The defendant, Donald Smith, was charged in an indictment with kidnapping in the first degree in violation of General Statutes § 53a-92(a)(2)(A). 1 He was convicted by a jury of that charge. The same jury convicted him of sexual assault in the third degree in violation of General Statutes § 53a-72a(a)(1)(A) 2 and of assault in the third degree in violation of General Statutes § 53a-61(a)(1), 3 crimes that were charged in an information and which stemmed from the same incident as the charge of kidnapping. The defendant was sentenced by the trial court to consecutive terms totaling twenty-eight and one-half years to life imprisonment. The defendant has appealed his conviction claiming that (1) the trial court erred in "accepting" the jury's verdict of guilty of the charge of kidnapping because there was a variance between the charge as set forth in the indictment and the proof at trial; (2) the trial court erred in denying the defendant's motion "to limit the state's proof to the allegations of the indictment"; (3) he was denied effective assistance of counsel; and (4) the trial court erred in certain rulings on the evidence.
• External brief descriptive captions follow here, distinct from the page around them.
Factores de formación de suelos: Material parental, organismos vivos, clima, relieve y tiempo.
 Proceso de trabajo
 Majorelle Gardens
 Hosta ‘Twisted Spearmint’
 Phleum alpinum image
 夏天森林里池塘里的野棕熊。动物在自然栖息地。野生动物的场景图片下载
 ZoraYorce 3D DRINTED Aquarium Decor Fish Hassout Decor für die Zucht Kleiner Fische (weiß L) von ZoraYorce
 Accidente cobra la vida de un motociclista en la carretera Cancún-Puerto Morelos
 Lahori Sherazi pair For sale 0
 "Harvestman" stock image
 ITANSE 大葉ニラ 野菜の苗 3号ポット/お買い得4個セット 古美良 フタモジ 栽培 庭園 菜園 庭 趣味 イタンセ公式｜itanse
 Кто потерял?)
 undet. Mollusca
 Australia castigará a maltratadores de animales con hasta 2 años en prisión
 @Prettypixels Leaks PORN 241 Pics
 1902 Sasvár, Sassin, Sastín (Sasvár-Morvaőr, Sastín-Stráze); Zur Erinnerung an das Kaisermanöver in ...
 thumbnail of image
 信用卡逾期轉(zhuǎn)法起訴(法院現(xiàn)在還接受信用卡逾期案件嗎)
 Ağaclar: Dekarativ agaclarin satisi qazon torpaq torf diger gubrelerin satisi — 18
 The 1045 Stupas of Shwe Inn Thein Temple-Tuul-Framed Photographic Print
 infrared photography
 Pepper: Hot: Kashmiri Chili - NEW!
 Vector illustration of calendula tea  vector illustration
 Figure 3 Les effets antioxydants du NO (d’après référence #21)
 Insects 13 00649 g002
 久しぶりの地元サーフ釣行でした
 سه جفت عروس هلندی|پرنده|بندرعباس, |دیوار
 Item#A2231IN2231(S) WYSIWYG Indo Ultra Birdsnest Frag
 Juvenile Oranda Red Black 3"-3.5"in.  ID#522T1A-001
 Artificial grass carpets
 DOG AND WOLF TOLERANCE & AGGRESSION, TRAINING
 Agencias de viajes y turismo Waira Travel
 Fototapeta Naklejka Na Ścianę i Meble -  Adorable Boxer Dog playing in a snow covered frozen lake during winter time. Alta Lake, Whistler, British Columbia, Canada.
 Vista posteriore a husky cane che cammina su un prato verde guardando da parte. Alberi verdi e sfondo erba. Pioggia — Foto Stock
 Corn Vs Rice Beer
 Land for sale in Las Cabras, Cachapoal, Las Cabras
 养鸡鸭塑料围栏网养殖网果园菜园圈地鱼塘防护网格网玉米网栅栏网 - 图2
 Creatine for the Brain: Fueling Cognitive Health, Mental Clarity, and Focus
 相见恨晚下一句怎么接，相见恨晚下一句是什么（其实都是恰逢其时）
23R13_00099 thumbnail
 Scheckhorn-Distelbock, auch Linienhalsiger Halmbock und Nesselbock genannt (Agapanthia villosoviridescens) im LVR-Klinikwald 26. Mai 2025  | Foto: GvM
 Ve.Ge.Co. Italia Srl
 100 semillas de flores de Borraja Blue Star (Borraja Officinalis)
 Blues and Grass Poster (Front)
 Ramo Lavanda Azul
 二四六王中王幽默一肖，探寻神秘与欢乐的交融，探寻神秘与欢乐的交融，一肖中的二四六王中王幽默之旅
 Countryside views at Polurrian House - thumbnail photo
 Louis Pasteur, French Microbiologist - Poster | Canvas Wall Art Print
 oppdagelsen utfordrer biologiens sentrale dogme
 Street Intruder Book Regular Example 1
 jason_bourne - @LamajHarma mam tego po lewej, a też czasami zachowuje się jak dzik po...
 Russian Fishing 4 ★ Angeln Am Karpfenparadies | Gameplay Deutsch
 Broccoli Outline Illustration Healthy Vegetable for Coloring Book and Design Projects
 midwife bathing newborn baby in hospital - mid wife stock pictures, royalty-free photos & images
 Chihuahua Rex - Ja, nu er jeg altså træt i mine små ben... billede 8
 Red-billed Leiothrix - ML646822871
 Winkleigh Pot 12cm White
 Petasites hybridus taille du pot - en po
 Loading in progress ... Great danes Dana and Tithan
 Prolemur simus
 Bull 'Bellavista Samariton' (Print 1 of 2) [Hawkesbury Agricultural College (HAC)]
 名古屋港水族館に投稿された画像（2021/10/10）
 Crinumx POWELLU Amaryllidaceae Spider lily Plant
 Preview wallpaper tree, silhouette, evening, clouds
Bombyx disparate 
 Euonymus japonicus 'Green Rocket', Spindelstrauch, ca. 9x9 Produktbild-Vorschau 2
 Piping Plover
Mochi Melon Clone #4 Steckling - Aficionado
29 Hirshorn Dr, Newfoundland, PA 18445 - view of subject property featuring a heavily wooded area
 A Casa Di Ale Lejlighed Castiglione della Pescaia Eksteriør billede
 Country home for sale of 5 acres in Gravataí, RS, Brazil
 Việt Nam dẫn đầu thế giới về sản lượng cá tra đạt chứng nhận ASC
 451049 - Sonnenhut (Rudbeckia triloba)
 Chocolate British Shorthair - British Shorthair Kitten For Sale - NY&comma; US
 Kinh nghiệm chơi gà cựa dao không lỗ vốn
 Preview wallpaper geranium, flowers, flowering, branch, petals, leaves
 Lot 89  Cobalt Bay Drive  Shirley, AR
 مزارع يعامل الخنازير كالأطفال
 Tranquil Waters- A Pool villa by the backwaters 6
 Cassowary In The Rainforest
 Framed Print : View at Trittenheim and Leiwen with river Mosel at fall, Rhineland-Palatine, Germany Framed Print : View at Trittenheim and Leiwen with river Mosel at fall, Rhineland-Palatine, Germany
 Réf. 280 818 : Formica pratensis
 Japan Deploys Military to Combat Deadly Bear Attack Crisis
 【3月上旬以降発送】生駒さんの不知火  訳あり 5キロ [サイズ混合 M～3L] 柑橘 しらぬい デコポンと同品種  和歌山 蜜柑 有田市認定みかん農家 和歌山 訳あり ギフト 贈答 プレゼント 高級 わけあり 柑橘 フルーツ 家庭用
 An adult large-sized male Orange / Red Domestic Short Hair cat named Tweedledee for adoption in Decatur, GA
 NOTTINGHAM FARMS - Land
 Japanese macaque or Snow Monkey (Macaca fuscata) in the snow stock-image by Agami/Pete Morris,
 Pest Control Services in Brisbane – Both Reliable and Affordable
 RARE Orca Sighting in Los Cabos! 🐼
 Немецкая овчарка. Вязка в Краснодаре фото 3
From the evidence adduced at the trial the jury could reasonably have found the following relevant facts: On May 22, 1981, the victim was sixteen years old and lived in West Haven. That afternoon, at about 2:30 p.m., she went to visit a girl friend who lived four houses away from her. During the visit, she met some of her friend's relatives, including the defendant, who was her friend's uncle. The defendant was forty-two years old at the time of the incident and resided in Massachusetts. During the afternoon, the defendant drove the victim and his niece in his pickup truck from his niece's home to a house several blocks away where his niece had to care for some cats. While his niece fed the cats, the victim remained in the truck with the defendant. On the return trip, the defendant drove past the victim's house and dropped his niece off at her house. The defendant had said earlier that he was returning to Massachusetts as soon as he dropped his niece off. He also had told the victim that she was a "pretty girl" and a "very attractive girl" and had asked her to return to Massachusetts with him. She declined the invitation.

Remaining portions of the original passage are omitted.